Module

lexers.sql_sm

Hand-written SQL lexer using composable scanner mixins.

O(n) guaranteed, zero regex, thread-safe.

Language Support:

  • Standard SQL (ANSI SQL:2016 keywords)
  • Common dialect extensions (MySQL, PostgreSQL, SQLite)
  • Single-line comments (--)
  • Block comments (/* */)
  • String literals (single quotes)
  • Identifiers (quoted with double quotes or backticks)

Keyword Classification:

  • DML: SELECT, INSERT, UPDATE, DELETE, etc.
  • DDL: CREATE, ALTER, DROP, etc.
  • Functions: COUNT, SUM, AVG, etc.
  • Types: INT, VARCHAR, TEXT, etc.
  • Operators: AND, OR, NOT, IN, BETWEEN, etc.

Note:

SQL is case-insensitive for keywords.
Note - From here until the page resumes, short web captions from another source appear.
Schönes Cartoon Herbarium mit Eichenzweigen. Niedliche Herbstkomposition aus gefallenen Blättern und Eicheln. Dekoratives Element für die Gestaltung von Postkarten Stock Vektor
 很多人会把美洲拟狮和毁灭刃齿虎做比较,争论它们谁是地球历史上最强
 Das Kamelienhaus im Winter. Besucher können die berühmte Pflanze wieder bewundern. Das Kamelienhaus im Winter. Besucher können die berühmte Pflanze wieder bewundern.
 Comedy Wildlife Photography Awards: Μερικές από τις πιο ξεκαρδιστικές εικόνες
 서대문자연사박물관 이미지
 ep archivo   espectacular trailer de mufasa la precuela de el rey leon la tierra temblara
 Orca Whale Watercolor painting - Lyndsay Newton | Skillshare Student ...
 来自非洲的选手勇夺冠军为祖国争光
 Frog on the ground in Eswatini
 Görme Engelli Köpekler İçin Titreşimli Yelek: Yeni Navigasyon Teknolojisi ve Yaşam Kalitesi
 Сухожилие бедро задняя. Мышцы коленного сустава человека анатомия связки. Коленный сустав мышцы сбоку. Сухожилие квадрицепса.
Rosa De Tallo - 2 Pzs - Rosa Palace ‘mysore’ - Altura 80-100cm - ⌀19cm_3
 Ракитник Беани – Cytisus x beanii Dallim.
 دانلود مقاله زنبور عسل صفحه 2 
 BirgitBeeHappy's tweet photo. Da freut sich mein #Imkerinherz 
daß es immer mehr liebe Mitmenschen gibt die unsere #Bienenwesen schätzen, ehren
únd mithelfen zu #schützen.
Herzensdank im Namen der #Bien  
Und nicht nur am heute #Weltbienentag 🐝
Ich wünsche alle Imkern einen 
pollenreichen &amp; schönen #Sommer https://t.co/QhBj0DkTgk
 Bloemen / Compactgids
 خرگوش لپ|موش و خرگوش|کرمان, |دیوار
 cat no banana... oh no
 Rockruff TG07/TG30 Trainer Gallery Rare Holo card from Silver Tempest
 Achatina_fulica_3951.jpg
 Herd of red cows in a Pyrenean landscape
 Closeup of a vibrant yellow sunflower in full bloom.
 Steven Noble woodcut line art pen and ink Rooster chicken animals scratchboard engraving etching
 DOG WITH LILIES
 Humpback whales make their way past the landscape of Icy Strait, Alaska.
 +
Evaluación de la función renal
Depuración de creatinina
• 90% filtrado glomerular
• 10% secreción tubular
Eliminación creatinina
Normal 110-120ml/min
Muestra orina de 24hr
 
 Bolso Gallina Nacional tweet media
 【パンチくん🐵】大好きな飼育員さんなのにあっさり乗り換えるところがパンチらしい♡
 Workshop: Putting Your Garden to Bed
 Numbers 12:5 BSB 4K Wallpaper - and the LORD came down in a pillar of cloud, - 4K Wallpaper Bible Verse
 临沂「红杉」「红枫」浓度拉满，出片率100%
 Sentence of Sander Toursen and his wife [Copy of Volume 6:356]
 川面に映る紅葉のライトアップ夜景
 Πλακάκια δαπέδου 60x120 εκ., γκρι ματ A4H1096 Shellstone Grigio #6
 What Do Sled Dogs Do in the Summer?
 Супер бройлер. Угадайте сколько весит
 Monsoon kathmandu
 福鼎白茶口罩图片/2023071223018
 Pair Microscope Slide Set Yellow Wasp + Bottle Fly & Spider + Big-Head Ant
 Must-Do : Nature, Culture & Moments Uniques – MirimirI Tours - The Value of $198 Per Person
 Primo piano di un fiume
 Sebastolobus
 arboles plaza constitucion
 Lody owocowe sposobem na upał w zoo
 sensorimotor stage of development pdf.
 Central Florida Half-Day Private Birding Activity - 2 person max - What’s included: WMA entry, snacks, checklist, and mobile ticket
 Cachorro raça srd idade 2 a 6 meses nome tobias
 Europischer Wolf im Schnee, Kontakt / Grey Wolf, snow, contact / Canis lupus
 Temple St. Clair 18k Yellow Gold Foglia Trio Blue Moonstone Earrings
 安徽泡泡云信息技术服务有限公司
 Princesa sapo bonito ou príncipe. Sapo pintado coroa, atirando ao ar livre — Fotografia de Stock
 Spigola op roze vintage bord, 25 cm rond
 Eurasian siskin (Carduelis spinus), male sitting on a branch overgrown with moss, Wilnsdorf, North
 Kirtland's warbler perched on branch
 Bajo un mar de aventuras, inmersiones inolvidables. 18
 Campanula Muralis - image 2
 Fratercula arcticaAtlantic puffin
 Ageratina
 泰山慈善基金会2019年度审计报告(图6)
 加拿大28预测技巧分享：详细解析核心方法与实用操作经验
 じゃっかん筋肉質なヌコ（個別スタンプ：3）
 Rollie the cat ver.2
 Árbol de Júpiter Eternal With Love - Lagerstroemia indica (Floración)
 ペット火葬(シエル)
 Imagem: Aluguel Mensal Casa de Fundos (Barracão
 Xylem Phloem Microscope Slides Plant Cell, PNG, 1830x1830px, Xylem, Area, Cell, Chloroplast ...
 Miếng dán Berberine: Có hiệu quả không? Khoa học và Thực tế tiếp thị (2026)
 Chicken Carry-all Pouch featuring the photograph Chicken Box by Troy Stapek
This lexer stores keywords in uppercase but matches case-insensitively by converting input to upper.

Performance:

~45µs per 100-line file.

Thread-Safety:

All lookup tables are frozen sets.

See Also:

  • rosettes.lexers.plsql_sm: PL/SQL lexer (Oracle)

Classes

SqlStateMachineLexer 1
SQL lexer with -- and /* */ comments.

SQL lexer with -- and /* */ comments.

Methods

tokenize 2 Iterator[Token]
def tokenize(self, code: str, config: LexerConfig | None = None) -> Iterator[Token]
Parameters
Name Type Description
code
config Default:None
Returns
Iterator[Token]